> Work task
Identify, in the records below, every line where the string "image" appears, and copy each such line.

▼

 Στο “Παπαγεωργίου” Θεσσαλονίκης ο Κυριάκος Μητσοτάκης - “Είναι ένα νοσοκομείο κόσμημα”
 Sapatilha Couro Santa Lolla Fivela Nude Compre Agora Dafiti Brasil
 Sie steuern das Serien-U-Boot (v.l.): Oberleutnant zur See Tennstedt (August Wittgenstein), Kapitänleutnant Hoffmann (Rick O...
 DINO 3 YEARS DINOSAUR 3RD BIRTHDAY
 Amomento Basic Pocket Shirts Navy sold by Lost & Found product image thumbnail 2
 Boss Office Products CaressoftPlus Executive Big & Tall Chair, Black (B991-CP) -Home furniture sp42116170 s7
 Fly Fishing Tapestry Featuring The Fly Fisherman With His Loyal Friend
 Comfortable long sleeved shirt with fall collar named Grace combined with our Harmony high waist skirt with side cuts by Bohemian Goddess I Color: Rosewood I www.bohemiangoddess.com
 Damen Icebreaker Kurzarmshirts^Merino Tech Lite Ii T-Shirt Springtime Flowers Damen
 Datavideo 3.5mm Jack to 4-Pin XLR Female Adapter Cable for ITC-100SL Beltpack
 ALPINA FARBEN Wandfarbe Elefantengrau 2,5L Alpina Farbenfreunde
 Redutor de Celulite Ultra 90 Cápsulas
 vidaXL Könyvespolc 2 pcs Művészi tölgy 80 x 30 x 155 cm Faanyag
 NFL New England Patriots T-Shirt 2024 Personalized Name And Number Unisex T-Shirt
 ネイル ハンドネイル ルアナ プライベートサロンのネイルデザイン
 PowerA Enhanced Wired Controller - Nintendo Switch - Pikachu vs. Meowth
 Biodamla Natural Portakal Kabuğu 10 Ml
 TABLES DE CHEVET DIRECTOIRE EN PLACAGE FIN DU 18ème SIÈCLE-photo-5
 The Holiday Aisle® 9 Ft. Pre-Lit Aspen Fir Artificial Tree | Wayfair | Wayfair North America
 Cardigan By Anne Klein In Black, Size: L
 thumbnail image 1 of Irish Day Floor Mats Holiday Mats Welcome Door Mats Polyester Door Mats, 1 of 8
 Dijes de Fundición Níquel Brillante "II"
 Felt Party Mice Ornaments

▲

> Answer to the problem
 Amomento Basic Pocket Shirts Navy sold by Lost & Found product image thumbnail 2
 thumbnail image 1 of Irish Day Floor Mats Holiday Mats Welcome Door Mats Polyester Door Mats, 1 of 8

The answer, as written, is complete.